In the next 10 years, i.e. by the year 2034, India’s alternative investment market is expected to grow five-fold, from its current size of $400 billion to $2 trillion! Surely, at a time when India’s market is showing a lot of volatility, this massive number is in itself a reminder for investors to not ignore the alternative investment market in India.

But but but, is this market for everyone? Should all retail investors break away from the old and traditional investment options like Bank FDs or PPF and start investing in alternative investments? Well, maybe not. After all, the ‘one size fits all’ motto doesn’t work here!

So, before you step into the world of alternative investments and put your hard-earned money into them, it would be wise to understand why you should NOT invest in alternatives.

While these investment options can indeed help you diversify your portfolio and unlock the potential to fetch higher returns than the traditional investment options, check out these reasons why some investors might want to avoid or be cautious before dipping their feet into alternatives in India.

What All To Consider Before Investing In Alternatives In 2025

Lack Of Liquidity

A lot of alternative investments, such as real estate, private equity, hedge funds, and even bonds, are not easily convertible to cash. They often come with lock-in periods during which investors cannot redeem their funds, or sometimes find it difficult to convert them to cash, which can lead to potential liquidity issues when you need the money.
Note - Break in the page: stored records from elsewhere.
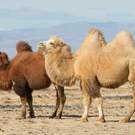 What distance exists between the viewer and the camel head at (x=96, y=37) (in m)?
16.9

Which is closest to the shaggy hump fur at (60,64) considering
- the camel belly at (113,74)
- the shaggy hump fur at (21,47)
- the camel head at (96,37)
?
the camel head at (96,37)

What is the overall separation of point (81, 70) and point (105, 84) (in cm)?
65

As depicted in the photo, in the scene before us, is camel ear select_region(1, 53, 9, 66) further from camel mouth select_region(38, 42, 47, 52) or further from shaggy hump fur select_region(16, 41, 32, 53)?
camel mouth select_region(38, 42, 47, 52)

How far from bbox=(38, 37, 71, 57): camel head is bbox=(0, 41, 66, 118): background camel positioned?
32.6 inches

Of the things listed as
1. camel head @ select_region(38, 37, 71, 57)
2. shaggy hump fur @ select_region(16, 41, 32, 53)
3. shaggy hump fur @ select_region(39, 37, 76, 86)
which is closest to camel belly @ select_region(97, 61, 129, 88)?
shaggy hump fur @ select_region(39, 37, 76, 86)

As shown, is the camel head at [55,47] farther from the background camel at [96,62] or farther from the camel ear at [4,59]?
the camel ear at [4,59]

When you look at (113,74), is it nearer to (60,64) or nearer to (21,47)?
(60,64)

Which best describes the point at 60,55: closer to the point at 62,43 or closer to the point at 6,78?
the point at 62,43

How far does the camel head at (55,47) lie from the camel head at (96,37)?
659 mm

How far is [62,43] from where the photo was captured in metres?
17.3

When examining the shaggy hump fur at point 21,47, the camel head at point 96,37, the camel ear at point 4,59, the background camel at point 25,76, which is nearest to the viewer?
the camel head at point 96,37

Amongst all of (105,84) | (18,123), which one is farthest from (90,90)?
(18,123)

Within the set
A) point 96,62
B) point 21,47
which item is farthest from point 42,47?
point 21,47

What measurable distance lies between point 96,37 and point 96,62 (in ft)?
2.23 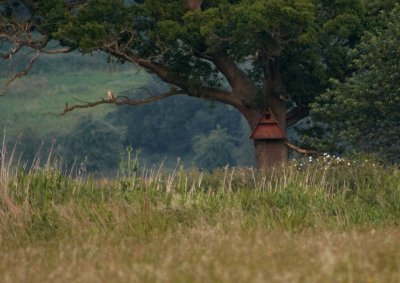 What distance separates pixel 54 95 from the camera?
11744 cm

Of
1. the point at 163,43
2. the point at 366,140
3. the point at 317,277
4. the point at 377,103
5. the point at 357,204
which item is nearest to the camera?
the point at 317,277

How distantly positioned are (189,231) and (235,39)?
2006 cm

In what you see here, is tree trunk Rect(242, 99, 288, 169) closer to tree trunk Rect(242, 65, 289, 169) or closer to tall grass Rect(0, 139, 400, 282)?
tree trunk Rect(242, 65, 289, 169)

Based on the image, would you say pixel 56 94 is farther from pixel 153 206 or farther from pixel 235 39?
pixel 153 206

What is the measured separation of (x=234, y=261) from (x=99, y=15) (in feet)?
83.6

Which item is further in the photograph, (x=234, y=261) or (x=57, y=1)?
(x=57, y=1)

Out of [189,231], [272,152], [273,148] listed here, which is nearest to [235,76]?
[273,148]

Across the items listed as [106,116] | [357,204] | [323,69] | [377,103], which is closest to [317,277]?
[357,204]

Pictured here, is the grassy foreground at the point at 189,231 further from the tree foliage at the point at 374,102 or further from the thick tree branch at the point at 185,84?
the thick tree branch at the point at 185,84

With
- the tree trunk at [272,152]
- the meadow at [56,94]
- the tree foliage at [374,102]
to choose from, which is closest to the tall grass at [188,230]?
the tree foliage at [374,102]

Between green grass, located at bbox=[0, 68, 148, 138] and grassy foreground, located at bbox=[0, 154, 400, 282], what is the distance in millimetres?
85165

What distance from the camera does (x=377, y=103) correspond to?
30359 millimetres

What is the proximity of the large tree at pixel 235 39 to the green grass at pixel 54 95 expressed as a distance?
2607 inches

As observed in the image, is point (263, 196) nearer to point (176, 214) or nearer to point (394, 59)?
point (176, 214) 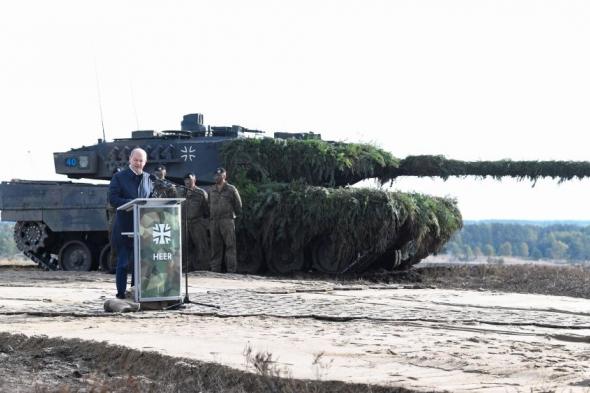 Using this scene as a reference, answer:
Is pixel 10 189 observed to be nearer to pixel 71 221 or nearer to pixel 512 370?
pixel 71 221

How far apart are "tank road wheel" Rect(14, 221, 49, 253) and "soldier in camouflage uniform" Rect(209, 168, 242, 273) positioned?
421 centimetres

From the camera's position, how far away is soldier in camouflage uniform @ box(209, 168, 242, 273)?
19078mm

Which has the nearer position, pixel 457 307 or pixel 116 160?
pixel 457 307

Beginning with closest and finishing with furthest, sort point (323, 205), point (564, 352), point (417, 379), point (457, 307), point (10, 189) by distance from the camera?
point (417, 379), point (564, 352), point (457, 307), point (323, 205), point (10, 189)

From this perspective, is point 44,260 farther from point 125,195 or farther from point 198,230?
point 125,195

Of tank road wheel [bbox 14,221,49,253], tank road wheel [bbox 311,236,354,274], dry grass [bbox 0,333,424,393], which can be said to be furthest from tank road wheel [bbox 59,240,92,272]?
dry grass [bbox 0,333,424,393]

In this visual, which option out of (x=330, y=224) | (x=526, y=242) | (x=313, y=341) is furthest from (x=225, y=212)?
(x=526, y=242)

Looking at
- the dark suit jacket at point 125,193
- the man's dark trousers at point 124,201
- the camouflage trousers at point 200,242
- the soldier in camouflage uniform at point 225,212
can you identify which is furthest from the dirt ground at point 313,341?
the camouflage trousers at point 200,242

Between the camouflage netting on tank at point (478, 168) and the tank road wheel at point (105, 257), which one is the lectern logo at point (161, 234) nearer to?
the tank road wheel at point (105, 257)

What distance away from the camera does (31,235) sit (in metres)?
22.5

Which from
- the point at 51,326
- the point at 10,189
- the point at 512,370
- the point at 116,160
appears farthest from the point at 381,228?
the point at 512,370

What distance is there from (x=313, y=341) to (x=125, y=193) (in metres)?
3.70

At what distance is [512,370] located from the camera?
771 cm

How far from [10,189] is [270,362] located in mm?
15839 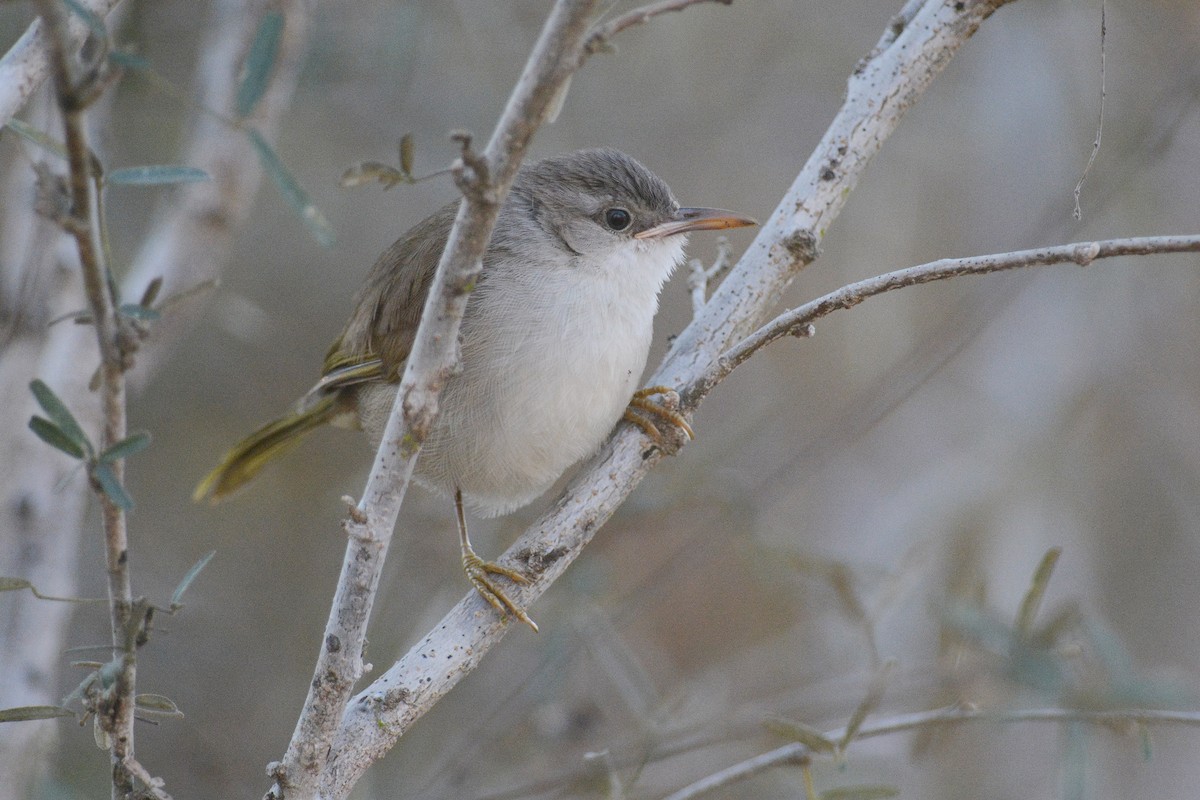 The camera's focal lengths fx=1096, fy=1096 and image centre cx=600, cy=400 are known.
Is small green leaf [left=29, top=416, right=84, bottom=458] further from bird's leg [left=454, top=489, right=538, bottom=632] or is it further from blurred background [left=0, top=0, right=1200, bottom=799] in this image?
blurred background [left=0, top=0, right=1200, bottom=799]

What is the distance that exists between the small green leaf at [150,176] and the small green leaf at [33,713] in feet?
2.92

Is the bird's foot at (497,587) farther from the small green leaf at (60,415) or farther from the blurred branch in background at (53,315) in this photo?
the small green leaf at (60,415)

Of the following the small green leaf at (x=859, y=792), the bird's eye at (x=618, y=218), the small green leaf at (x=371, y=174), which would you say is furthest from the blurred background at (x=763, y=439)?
the small green leaf at (x=371, y=174)

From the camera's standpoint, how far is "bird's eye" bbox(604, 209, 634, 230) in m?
3.67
So if you are an investor who is looking for liquidity, alternative investments may not be suitable for you, at least at present, until this market becomes more mature and is able to reduce the level of illiquidity.

Higher Risk Than Traditional Investments

It's important to keep in mind that alternative investments often carry a higher degree of risk than traditional instruments like PPF and Bank FDs. Given that a key reason why many investors stick to such traditional investment options is the extremely low level of risk involved, they must remain cautious when approaching alternative investments, since they might be offering higher returns, but with higher risk too! This can result in you losing your money if you are not aware about the risks associated with a particular alternative investment option. So, do NOT ignore the risks associated with any investment option or asset class. After all, its better to be safe than sorry, right?

By the way, here’s an insightful blog of ours which you can read to gain help in striking a balance between risks and returns.

Can Seem Complex To Understand

It's fair to say that investing in alternatives usually requires a higher level of knowledge and expertise in understanding the products, due to their complex structures when compared to the relatively simpler traditional instruments like bank FD, PPF and mutual funds. So, if alternatives seem too difficult to understand, you may avoid dipping your feet into this market. Nonetheless, it's important for you to consult a financial advisor if you still wish to invest in the alternative industry.

Regulatory Concerns

While some alternative investments such as bonds are being well-regulated by the market regulator SEBI, there are still many which are unregulated, such as invoice discounting and crypto. This lack of regulatory oversight raises concerns about fraud and manipulation, which is why you may want to stay away from unregulated investment products.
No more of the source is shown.